• **The data**
==================================================
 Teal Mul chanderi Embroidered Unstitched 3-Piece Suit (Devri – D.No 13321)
==================================================
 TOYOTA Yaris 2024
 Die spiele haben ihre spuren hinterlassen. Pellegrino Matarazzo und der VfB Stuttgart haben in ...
==================================================
Of the entries above, repeat exactly the lines from the line with "TOYOTA Yaris 2024" through the line with "Die spiele haben", both of them included.

 TOYOTA Yaris 2024
 Die spiele haben ihre spuren hinterlassen. Pellegrino Matarazzo und der VfB Stuttgart haben in ...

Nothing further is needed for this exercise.